Known issues and limitations for watsonx.data integration

The following issues and limitations apply to watsonx.data™ integration.

Known issues for Unstructured Data Integration

In flows where a single document class is selected, classification, and extraction might not work

Applies to: 5.4.0

In a flow where only one document class is provided for processing, the documents might not be properly processed.

In the Unstructured Data Integration flow, the Classification operator or Extract operator might fail to classify the documents or extract any entities respectively.

In unstructured data curation, the analysis flow might properly classify the documents. However, when you run the processing flow, the metrics might show that the documents were skipped for extraction or no entities were extracted.

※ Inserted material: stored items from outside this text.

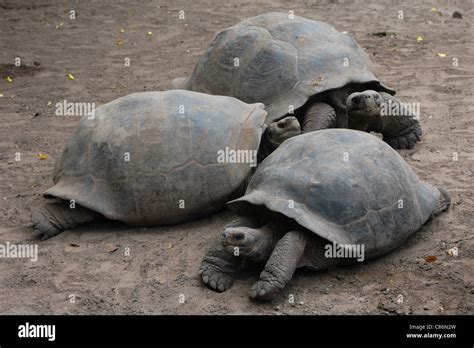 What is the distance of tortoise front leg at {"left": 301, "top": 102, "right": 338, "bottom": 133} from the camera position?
19.0 feet

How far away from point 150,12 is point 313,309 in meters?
8.17

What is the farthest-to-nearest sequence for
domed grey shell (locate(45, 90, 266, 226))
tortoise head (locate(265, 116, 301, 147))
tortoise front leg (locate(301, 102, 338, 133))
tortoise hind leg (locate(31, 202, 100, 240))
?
tortoise front leg (locate(301, 102, 338, 133)) → tortoise head (locate(265, 116, 301, 147)) → tortoise hind leg (locate(31, 202, 100, 240)) → domed grey shell (locate(45, 90, 266, 226))

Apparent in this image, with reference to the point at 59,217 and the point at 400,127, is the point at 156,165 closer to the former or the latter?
the point at 59,217

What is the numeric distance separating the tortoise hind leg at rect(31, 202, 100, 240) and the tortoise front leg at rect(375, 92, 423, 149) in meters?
2.48

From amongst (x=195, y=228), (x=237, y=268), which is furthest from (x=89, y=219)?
(x=237, y=268)

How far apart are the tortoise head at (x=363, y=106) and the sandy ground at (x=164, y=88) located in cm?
49

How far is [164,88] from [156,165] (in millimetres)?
3091

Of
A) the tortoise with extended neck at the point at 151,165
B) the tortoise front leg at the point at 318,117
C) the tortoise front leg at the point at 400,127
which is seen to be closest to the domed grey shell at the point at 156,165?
the tortoise with extended neck at the point at 151,165

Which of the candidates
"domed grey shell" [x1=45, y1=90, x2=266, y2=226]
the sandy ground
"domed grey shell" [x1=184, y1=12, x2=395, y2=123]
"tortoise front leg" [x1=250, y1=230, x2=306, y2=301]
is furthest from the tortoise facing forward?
"domed grey shell" [x1=184, y1=12, x2=395, y2=123]

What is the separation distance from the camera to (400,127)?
6.01 meters

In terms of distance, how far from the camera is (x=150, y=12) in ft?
36.8

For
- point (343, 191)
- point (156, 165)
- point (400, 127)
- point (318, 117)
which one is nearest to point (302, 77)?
point (318, 117)

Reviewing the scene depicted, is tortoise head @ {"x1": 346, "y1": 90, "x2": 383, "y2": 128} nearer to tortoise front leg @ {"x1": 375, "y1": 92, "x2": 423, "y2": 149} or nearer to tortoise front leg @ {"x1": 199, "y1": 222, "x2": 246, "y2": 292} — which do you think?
tortoise front leg @ {"x1": 375, "y1": 92, "x2": 423, "y2": 149} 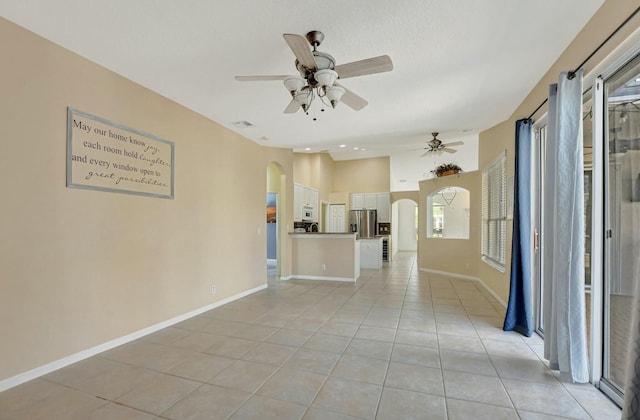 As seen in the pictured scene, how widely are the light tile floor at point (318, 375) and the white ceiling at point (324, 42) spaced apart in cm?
276

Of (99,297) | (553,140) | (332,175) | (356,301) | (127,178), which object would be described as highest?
(332,175)

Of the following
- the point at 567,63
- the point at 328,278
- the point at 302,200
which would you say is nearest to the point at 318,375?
the point at 567,63

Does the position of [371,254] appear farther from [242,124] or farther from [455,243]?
[242,124]

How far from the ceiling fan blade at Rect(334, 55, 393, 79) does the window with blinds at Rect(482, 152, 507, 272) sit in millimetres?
3292

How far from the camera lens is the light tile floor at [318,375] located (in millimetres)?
1978

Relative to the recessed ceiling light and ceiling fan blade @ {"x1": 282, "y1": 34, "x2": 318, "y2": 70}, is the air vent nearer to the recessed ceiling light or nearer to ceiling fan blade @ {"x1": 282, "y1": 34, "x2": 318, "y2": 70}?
the recessed ceiling light

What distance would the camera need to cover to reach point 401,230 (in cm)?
1466

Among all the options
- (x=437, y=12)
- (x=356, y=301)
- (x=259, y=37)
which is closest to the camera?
(x=437, y=12)

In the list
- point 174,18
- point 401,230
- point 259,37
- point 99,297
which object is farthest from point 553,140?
point 401,230

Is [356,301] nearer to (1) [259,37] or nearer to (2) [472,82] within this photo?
(2) [472,82]

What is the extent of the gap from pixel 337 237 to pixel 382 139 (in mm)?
2259

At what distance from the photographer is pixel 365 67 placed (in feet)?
7.63

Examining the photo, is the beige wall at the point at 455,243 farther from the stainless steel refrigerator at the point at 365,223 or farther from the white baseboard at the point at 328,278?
the white baseboard at the point at 328,278

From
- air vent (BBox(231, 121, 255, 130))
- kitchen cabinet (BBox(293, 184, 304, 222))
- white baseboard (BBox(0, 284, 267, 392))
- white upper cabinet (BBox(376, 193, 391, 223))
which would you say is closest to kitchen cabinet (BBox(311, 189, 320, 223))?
kitchen cabinet (BBox(293, 184, 304, 222)) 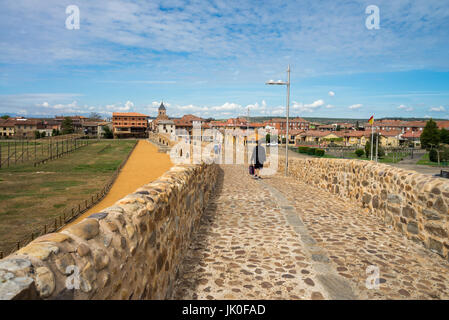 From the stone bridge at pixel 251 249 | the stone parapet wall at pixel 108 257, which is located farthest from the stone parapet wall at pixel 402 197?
the stone parapet wall at pixel 108 257

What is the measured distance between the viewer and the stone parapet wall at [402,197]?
4652 millimetres

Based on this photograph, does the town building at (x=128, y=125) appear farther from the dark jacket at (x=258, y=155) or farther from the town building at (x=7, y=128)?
the dark jacket at (x=258, y=155)

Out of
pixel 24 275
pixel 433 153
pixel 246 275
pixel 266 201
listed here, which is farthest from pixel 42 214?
pixel 433 153

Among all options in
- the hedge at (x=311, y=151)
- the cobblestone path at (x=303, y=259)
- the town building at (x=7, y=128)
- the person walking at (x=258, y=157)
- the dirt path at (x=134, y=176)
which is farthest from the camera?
the town building at (x=7, y=128)

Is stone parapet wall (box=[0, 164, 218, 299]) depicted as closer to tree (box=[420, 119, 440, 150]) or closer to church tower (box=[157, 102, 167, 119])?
tree (box=[420, 119, 440, 150])

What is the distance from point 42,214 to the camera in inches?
827

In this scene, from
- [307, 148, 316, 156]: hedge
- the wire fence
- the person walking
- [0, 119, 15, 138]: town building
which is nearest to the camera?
the person walking

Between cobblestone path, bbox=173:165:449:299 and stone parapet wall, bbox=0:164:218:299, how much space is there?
2.45 ft

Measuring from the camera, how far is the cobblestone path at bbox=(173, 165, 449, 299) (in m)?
3.69

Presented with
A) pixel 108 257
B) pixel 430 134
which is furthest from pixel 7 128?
pixel 430 134

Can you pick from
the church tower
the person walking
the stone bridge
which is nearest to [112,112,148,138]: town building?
the church tower

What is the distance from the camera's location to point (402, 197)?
5719 mm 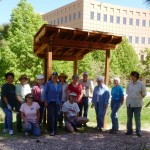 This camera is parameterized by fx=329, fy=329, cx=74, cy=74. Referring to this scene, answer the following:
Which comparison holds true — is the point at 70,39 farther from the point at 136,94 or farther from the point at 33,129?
the point at 33,129

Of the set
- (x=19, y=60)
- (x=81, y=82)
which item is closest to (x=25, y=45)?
(x=19, y=60)

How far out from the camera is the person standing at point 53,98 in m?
8.80

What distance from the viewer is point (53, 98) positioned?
29.0 ft

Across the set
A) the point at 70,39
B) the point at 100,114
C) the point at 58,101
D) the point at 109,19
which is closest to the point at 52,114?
the point at 58,101

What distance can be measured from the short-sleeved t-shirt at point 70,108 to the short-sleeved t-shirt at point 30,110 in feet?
2.76

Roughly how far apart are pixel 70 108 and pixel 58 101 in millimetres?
560

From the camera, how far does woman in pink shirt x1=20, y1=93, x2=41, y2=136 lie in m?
8.66

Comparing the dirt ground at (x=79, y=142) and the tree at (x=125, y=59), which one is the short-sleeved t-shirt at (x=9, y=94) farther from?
the tree at (x=125, y=59)

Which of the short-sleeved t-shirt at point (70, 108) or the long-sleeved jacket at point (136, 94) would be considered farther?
the short-sleeved t-shirt at point (70, 108)

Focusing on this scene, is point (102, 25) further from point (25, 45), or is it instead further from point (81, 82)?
point (81, 82)

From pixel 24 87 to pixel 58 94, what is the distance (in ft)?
3.39

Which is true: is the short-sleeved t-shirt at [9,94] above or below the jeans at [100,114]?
above

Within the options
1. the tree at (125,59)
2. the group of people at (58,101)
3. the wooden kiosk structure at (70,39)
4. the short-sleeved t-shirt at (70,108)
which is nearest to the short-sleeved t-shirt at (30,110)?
the group of people at (58,101)

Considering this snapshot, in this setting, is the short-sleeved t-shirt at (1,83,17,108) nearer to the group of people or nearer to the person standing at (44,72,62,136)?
the group of people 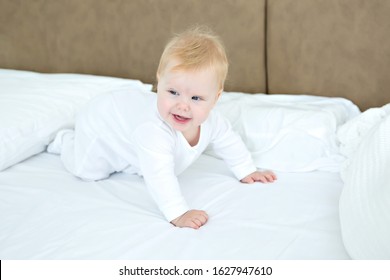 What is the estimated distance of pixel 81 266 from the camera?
0.96 metres

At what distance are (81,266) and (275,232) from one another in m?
0.43

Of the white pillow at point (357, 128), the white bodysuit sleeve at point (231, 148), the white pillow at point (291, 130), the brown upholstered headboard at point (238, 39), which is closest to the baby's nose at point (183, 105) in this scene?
the white bodysuit sleeve at point (231, 148)

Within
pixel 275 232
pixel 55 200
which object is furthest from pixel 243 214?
pixel 55 200

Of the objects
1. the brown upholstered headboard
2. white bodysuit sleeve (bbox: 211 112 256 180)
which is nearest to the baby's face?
white bodysuit sleeve (bbox: 211 112 256 180)

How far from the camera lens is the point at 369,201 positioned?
3.15ft

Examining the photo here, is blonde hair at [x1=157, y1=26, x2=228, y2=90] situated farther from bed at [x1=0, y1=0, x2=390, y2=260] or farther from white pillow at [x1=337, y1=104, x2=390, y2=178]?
white pillow at [x1=337, y1=104, x2=390, y2=178]

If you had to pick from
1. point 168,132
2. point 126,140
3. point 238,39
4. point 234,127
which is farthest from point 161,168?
point 238,39

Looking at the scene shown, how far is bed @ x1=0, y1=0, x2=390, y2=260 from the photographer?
3.36ft

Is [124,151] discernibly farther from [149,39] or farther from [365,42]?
[365,42]

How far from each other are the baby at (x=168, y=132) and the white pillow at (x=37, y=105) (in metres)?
0.06

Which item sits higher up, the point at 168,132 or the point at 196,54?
the point at 196,54

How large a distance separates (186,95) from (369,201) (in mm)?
472

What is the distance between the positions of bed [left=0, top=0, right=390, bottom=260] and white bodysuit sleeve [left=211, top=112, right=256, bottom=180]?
46 millimetres

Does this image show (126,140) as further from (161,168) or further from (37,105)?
(37,105) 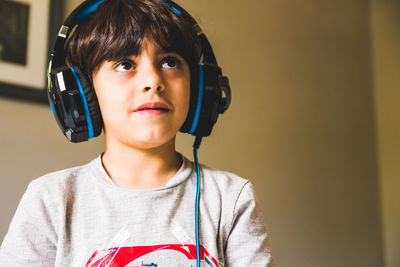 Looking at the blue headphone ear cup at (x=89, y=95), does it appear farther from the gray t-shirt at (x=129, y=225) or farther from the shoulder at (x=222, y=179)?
the shoulder at (x=222, y=179)

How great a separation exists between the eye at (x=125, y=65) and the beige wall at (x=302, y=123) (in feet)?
2.48

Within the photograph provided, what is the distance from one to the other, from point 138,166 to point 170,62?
236mm

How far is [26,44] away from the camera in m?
1.47

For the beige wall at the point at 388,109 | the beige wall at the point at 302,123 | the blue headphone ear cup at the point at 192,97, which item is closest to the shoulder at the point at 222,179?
the blue headphone ear cup at the point at 192,97

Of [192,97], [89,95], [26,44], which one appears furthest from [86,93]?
[26,44]

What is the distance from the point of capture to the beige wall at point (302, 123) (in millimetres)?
2068

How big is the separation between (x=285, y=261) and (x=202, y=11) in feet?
4.24

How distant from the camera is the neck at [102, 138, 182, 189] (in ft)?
3.03

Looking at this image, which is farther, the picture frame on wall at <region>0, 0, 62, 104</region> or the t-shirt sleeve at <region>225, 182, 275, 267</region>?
the picture frame on wall at <region>0, 0, 62, 104</region>

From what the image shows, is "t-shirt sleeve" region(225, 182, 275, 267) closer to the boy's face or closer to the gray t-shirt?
the gray t-shirt

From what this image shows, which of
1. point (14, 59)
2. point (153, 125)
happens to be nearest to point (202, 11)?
point (14, 59)

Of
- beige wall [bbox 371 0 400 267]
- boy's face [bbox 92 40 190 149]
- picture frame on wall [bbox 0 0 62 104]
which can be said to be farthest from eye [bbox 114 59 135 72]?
beige wall [bbox 371 0 400 267]

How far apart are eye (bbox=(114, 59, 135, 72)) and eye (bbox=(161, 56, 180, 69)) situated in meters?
0.07

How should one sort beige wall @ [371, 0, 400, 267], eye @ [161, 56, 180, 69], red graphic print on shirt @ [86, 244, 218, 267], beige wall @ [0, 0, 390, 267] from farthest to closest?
beige wall @ [371, 0, 400, 267], beige wall @ [0, 0, 390, 267], eye @ [161, 56, 180, 69], red graphic print on shirt @ [86, 244, 218, 267] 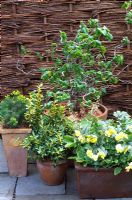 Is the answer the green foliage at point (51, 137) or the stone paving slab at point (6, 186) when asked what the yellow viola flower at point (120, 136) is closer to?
the green foliage at point (51, 137)

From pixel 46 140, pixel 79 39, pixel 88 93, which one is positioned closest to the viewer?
pixel 46 140

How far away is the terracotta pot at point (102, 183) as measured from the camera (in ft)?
11.2

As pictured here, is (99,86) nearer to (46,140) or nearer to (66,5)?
(66,5)

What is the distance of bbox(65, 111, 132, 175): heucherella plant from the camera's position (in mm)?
3318

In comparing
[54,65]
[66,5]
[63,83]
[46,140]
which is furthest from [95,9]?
[46,140]

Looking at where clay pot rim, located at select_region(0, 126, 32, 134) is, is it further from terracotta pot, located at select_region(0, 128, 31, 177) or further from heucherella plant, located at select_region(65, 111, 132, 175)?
heucherella plant, located at select_region(65, 111, 132, 175)

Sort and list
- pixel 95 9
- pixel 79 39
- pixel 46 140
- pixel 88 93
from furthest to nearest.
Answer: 1. pixel 95 9
2. pixel 88 93
3. pixel 79 39
4. pixel 46 140

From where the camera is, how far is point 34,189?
3682mm

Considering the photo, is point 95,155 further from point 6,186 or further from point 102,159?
point 6,186

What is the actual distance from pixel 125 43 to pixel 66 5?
737 millimetres

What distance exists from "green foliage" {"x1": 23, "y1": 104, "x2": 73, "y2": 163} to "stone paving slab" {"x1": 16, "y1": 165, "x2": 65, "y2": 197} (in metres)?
0.27

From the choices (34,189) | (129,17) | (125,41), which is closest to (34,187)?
(34,189)

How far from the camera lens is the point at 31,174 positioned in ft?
13.0

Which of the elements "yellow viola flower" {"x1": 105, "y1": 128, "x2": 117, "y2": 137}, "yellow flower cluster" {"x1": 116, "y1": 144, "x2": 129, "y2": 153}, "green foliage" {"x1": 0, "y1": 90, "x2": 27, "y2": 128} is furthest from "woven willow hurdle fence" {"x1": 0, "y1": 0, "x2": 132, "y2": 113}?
"yellow flower cluster" {"x1": 116, "y1": 144, "x2": 129, "y2": 153} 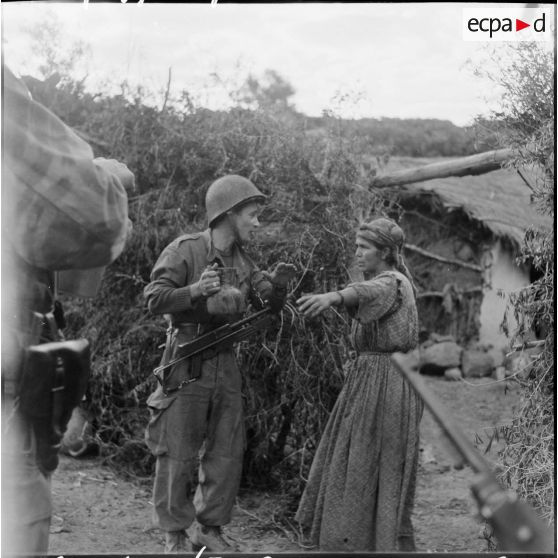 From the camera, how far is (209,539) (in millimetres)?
4629

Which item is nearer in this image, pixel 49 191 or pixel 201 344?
pixel 49 191

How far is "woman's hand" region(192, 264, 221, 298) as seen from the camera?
13.7 feet

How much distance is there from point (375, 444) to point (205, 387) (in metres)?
1.02

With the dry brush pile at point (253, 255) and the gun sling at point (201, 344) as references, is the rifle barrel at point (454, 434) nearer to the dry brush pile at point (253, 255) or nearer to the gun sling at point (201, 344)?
the gun sling at point (201, 344)

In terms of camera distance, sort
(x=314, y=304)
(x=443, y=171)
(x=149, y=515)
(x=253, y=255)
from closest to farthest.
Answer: (x=314, y=304)
(x=149, y=515)
(x=253, y=255)
(x=443, y=171)

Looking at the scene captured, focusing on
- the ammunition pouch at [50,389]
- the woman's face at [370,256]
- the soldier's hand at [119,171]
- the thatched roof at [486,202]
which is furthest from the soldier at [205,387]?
the thatched roof at [486,202]

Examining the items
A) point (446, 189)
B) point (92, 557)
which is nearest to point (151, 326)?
point (92, 557)

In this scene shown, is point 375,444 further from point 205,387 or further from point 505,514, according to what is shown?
point 505,514

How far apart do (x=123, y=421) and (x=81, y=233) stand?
423cm

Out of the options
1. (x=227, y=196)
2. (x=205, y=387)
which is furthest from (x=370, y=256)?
(x=205, y=387)

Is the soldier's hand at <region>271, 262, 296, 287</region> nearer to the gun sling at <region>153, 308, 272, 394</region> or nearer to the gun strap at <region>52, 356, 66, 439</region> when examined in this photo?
the gun sling at <region>153, 308, 272, 394</region>

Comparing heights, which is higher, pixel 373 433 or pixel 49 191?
pixel 49 191

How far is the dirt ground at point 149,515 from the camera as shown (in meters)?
5.07

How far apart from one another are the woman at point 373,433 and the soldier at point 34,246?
6.00 ft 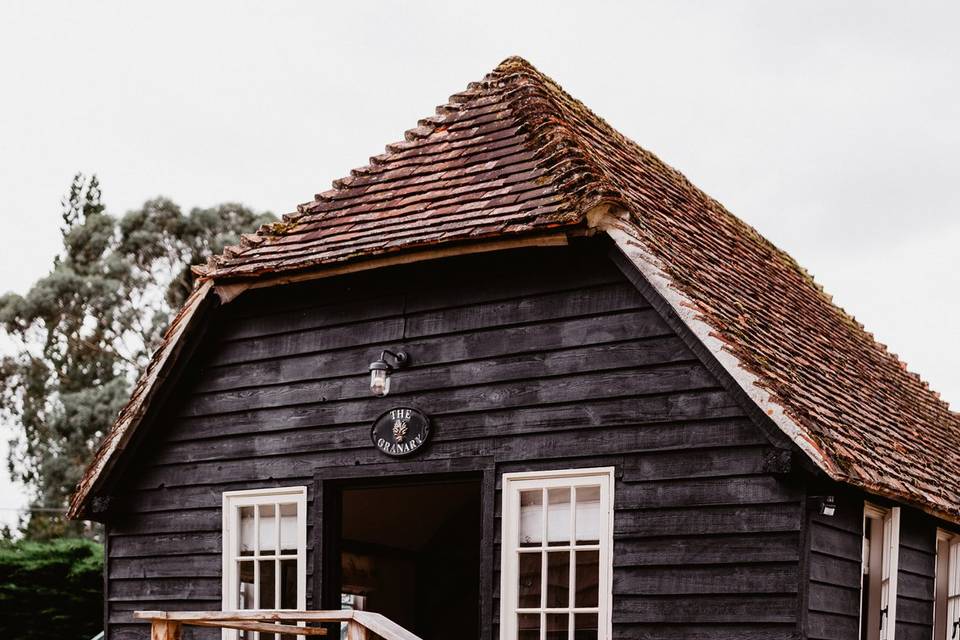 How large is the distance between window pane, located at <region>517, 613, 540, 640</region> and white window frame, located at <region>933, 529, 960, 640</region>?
3.40 meters

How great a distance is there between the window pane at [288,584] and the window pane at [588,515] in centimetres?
249

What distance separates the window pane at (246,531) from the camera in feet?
35.1

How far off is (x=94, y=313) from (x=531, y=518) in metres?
24.0

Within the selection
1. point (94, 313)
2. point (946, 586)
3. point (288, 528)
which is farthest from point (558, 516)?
point (94, 313)

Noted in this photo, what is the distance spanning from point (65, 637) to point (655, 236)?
45.4 ft

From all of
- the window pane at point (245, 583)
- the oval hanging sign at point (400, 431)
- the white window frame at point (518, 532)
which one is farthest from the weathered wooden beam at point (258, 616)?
the window pane at point (245, 583)

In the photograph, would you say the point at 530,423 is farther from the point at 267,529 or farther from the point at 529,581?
the point at 267,529

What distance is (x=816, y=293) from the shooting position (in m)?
15.3

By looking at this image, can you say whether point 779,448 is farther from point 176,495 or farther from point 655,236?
point 176,495

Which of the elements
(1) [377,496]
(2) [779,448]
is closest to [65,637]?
(1) [377,496]

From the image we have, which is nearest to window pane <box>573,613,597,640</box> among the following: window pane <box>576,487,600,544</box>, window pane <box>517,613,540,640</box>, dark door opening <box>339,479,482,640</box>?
window pane <box>517,613,540,640</box>

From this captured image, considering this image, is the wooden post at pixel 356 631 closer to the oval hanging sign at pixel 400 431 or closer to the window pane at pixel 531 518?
the window pane at pixel 531 518

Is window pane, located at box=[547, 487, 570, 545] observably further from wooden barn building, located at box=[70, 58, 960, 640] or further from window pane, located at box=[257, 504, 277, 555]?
window pane, located at box=[257, 504, 277, 555]

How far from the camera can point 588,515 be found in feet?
29.8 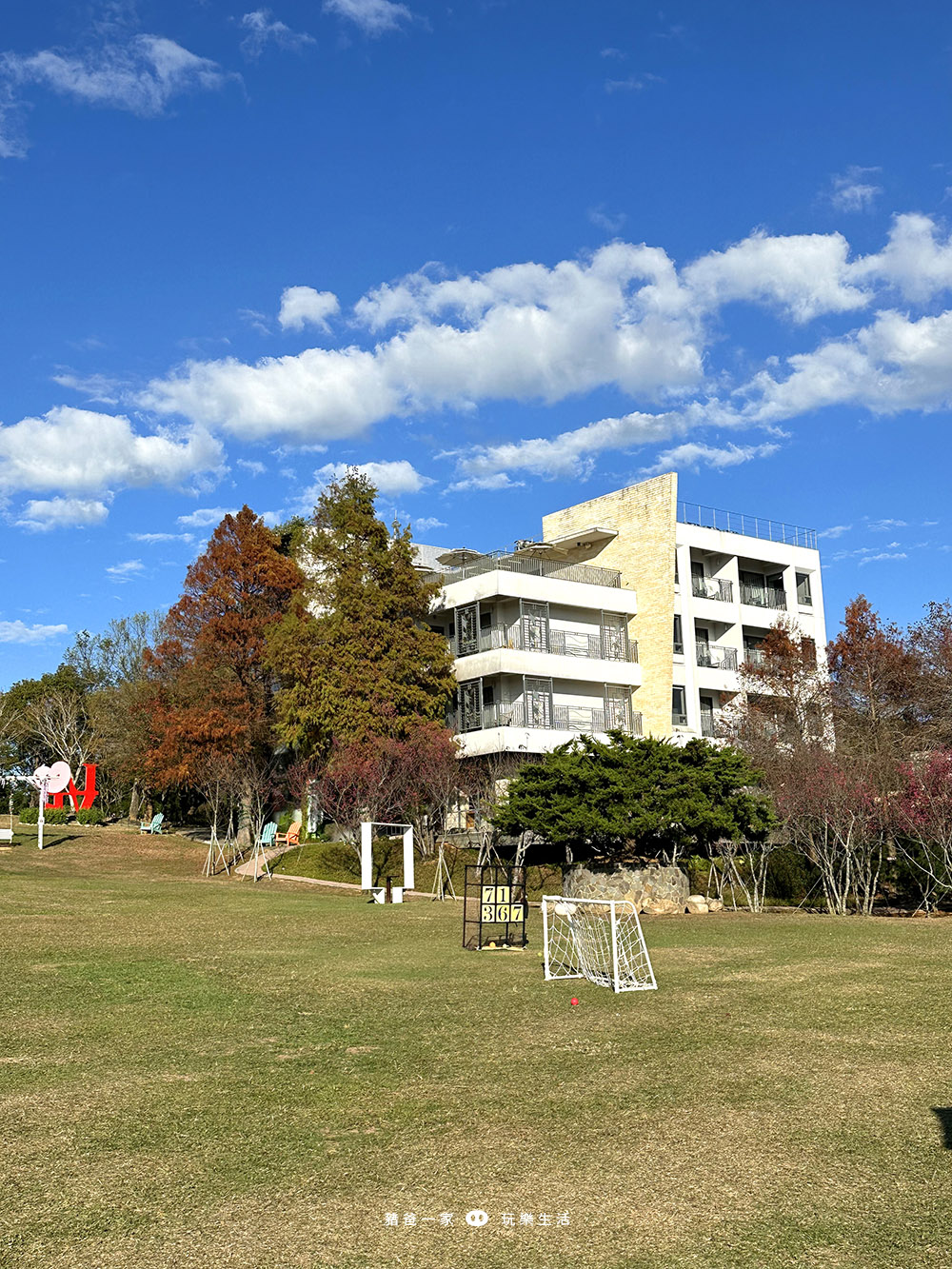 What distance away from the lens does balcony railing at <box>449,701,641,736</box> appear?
36.9m

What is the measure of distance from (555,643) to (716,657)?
29.9ft

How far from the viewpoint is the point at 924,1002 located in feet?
34.7

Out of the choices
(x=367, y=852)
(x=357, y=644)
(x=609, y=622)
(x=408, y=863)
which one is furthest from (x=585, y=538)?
(x=408, y=863)

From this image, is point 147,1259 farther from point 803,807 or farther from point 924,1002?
point 803,807

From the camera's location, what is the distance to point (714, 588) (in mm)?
46406

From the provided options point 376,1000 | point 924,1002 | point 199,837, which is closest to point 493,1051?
point 376,1000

Workaround: Manually update the generated flow:

  1. Replace the Classification operator with an Extract operator, and select all document classes.
  2. Remove any additional Extract operators that appear later in the flow.
Related assets not copied when copying flow from a catalog to a project

Applies to: 5.4.0

When you copy the Unstructured Data Integration flow from a catalog to a project using Add to project, related assets are not copied.

Workaround: Copy related assets manually and update the flow in the project. Alternatively, run:
curl --insecure -X POST "/udp/v1/flows/{flow_id}/deepcopy" -H "Authorization: Bearer <bearer_token>" -H "Content-Type: application/json" -d '{"container_kind": "catalog", "container_id": "<catalog_id>", "target_container_kind": "project", "target_container_id": "<project_id>"}'
Flows using document libraries can't be promoted to space

Applies to: 5.4.0

A flow using document library does not work when it is promoted from a project to space, because document library will not be promoted along with the flow.

Workaround:
  1. When designing the flow in a project, create a local parameter or a parameter set for the document library ID.
  2. Assign this parameter in the property panel of the document set operator, instead of directly entering the value of the document library ID.
  3. Promote the flow to a space when ready.
  4. Create the document library in space.
  5. When executing the flow in space, pass the document library as a parameter or a parameter set.
Intermittent flow failures

Applies to: 5.4.0

Some operators that are dependent on other IBM Services might fail with a number of issues such as:
  • Reading binary data failed from connection (Extract operator)
  • No results from runtime (Extract operator)

Workaround: Rerun the flow with incremental processing so that the failed documents can be processed again. If the same document fails multiple times, there might be another reason for the error.

Document Set and Entity Store operators using Python Orchestrator fail

Applies to: 5.4.0

The Document Set and Entity Store operators using Python Orchestrator might fail with the following error:
Node Document set failed and caused aborting the branch execution: Please check if the MinIO bucket associated with the catalog, and the service route has been created or not. 
Workaround: Ensure the following two prerequisites are met for these operators:
  • Access to the associated metadata store bucket

    Each metadata store (for example, Hive or SQL) is associated with an S3 or Cloud Object Storage bucket. The user executing the operators must have access permissions to this underlying bucket. If the access is not already granted, you must add the required user or group to the bucket using the watsonx Infrastructure Manager Console. Without bucket access, the operators are not able to read or write data to the metadata store.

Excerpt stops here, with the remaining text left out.